Could the Bills have loosened their pockets to pay Gillislee $2.7 million to (likely) ensure he’d be in Buffalo in 2017? Absolutely. When it’s viewed as simply as that, it’s a clear financial blunder for the organization. Add that $2.7 million to LeSean McCoy’s $8.875 million cap hit, and the Bills would’ve been allocating $11.5 million — 6.9% of their salary cap — to their top two ball-carriers.

But the other side must be considered too, and as is the case with most disagreements, the answer to this argument lies somewhere in the middle.

It shouldn’t be driving Bills fans into a frenzy. Gillislee has a strong argument as the NFL’s best backup runner. No doubt about it, Buffalo will be losing a quality player —I’ve been one of Gillislee’s biggest advocates — and (likely) could have kept him for that extra $900k.

Yet this isn’t a seismic development. He’s not the foundation of the offense. Gillislee plays the most devalued, replaceable position in the NFL. During his ultra-efficient 2016, he appeared on 35% of Buffalo’s offensive snaps, received 26% of the handoffs, and 20.5% of the team’s total carries.

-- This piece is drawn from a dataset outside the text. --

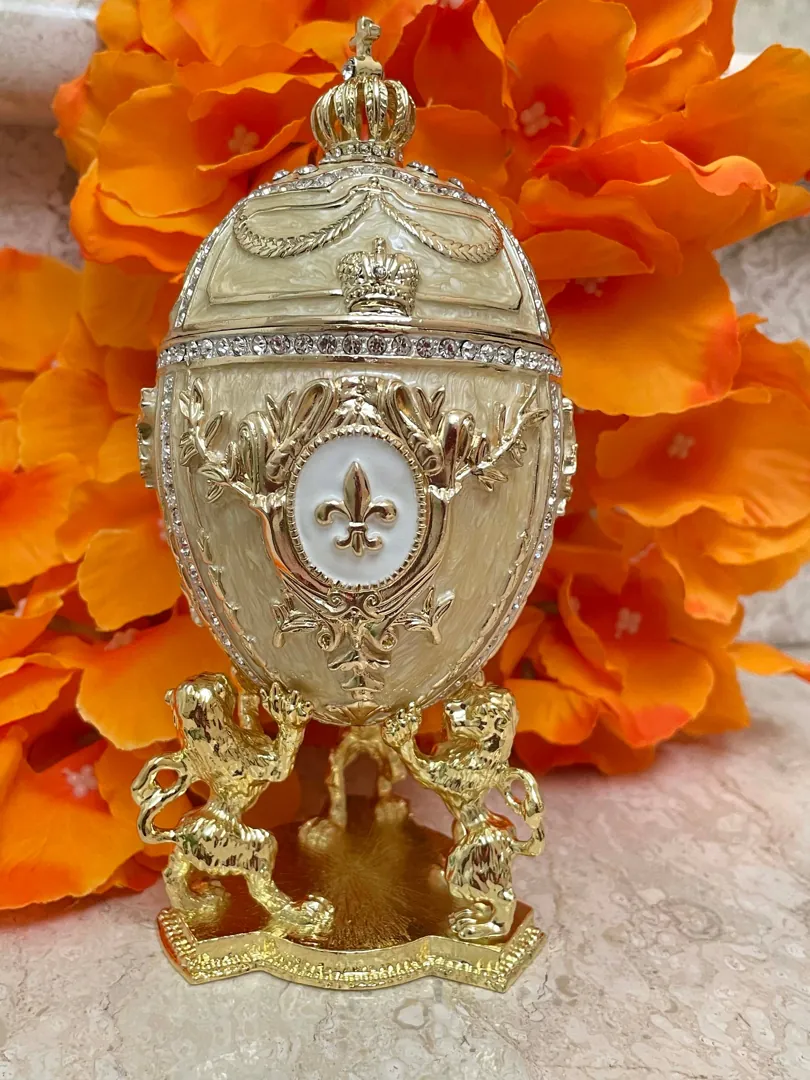 Designer 5-Star Faberge Egg Jeweled Trinket Boxes Fabergé Easter Egg HANDMADE Unique Valentine's Day Gift for Women 24k GOLD Swarovski HANDSET 5ct.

Remember, Whaley signed Gillislee as a street free-agent in December of 2015. Nice find. Instead of giving him the tender worth $2.7 million, he’ll be off the Bills books completely, and they’ll get a Round 5 pick. Even if you’ve already written off Jonathan Williams — which would be foolish — the running back class in this draft is the most impressive group in a long time. Not the worst scenario for the Bills.

Do I think the Bills should have given Gillislee that extra $900k? Yeah. Do I think losing him is a fireable offense for members of the front office or that his departure means Buffalo’s run game will crumble? No.